Assigned task: Return all of the data exactly, omitting any images.

[Short text fragments from websites]
== Segment start ==

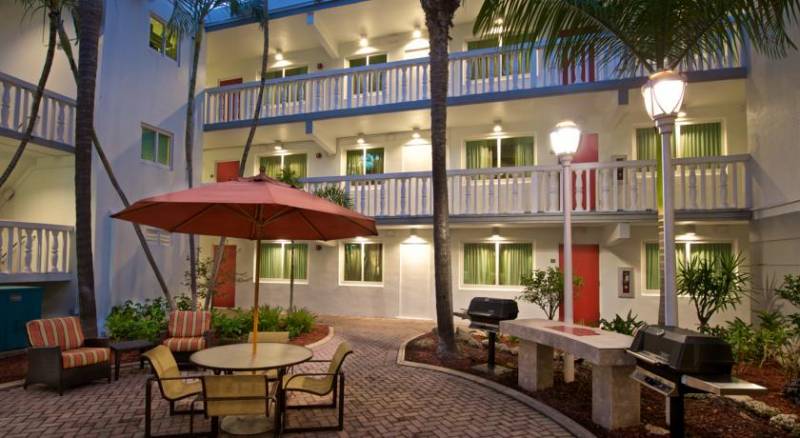 Residence Inn Miami Coconut Grove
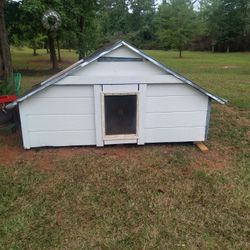 D O G House Oversize D O G House Is For Large Animal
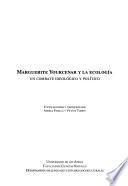 Marguerite Yourcenar y la ecología
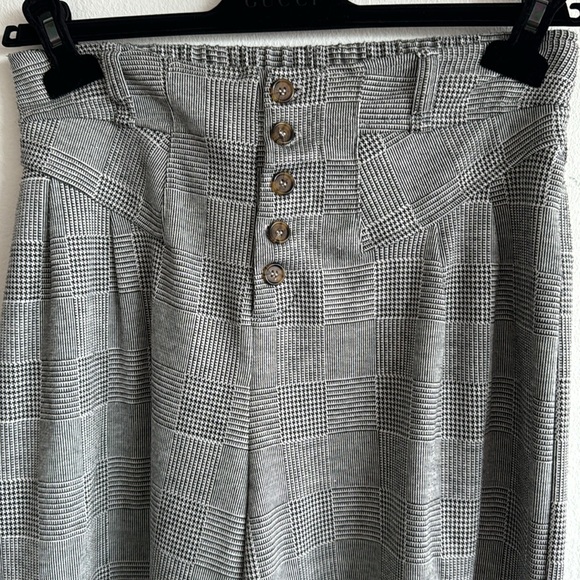 Anthropologie Maeve culottes pants - Picture 2 of 5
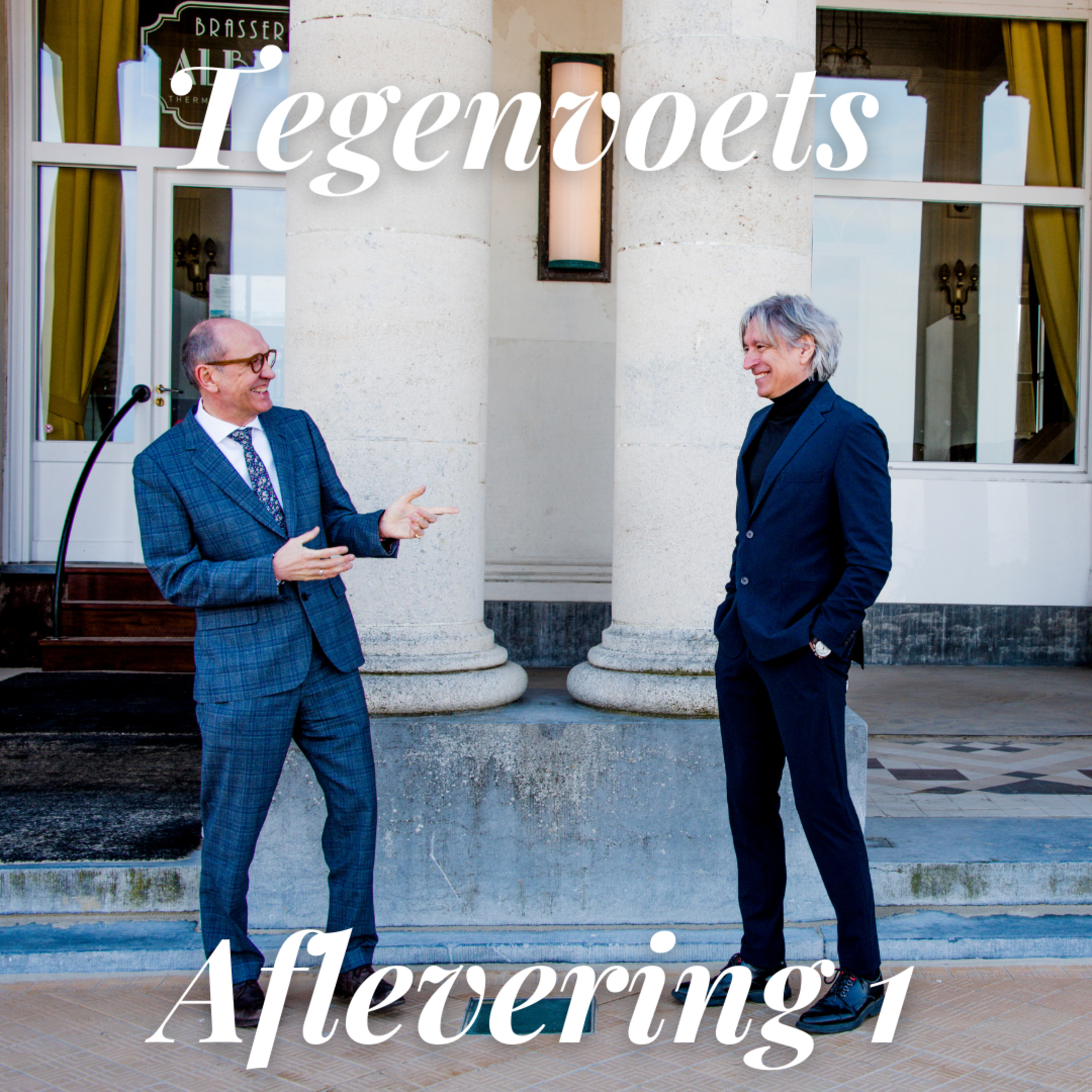Tegenvoets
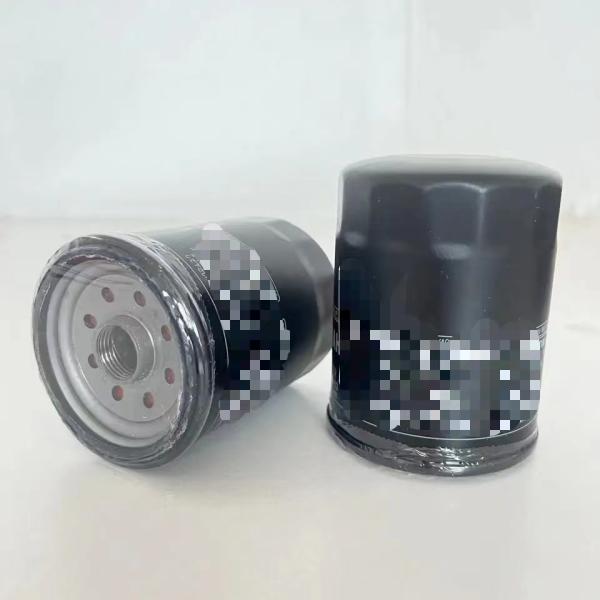 Other Year External Spare Parts Oil Filter N26-13440-02 N26-13440-03 for Customization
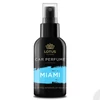 Kép 1/3 - Lotus Cleaning Autóparfüm Miami 100ml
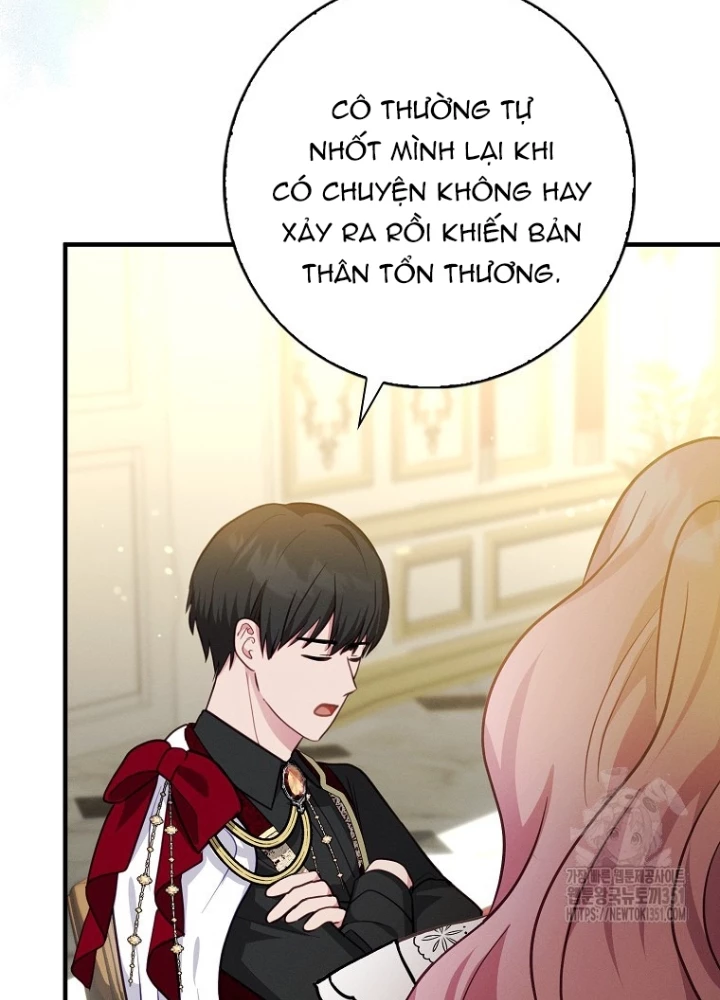 Tôi Muốn Sống Một Cuộc Sống Thoải Mái Chapter 16 - Trang 2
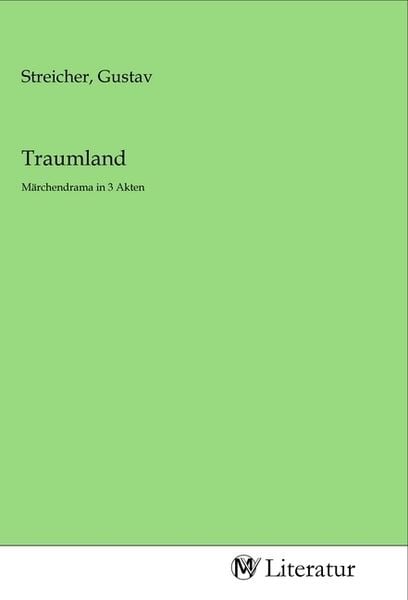 Produktbild: Traumland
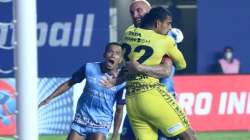 Jamshedpur hand NorthEast season's first defeat in ISL's landmark 500th game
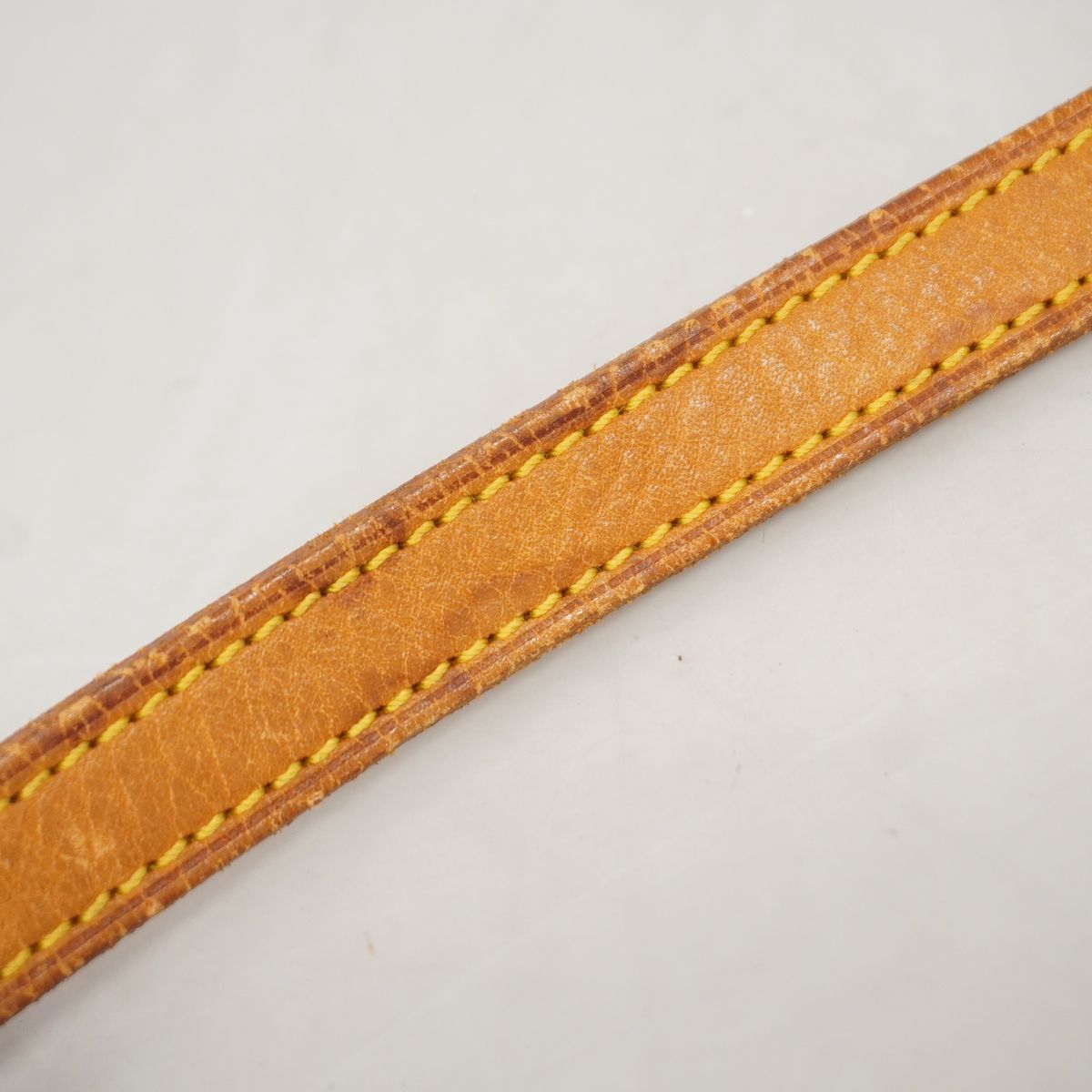 Louis Vuitton Shoulder Bag Monogram Trocadero 27 Brown — view 7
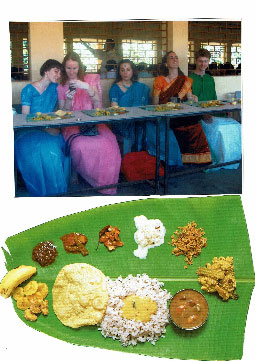 Indian Culture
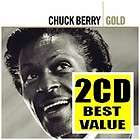 CHUCK BERRY 2 CD SET BEST NEW AND SEALED  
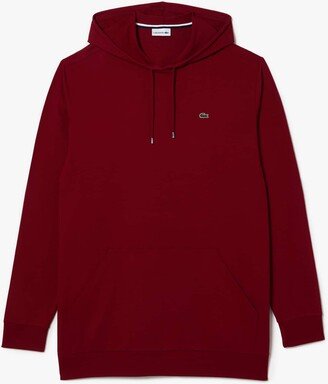 Men’s Big Fit Hooded T-Shirt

== Segment end ==

Problem solution:
 Residence Inn Miami Coconut Grove
 D O G House Oversize D O G House Is For Large Animal
 Marguerite Yourcenar y la ecología
 Anthropologie Maeve culottes pants - Picture 2 of 5
Tegenvoets
 Other Year External Spare Parts Oil Filter N26-13440-02 N26-13440-03 for Customization
 Kép 1/3 - Lotus Cleaning Autóparfüm Miami 100ml
 Tôi Muốn Sống Một Cuộc Sống Thoải Mái Chapter 16 - Trang 2
 Produktbild: Traumland
 Jamshedpur hand NorthEast season's first defeat in ISL's landmark 500th game
 Louis Vuitton Shoulder Bag Monogram Trocadero 27 Brown — view 7
 Indian Culture
 CHUCK BERRY 2 CD SET BEST NEW AND SEALED  
 Men’s Big Fit Hooded T-Shirt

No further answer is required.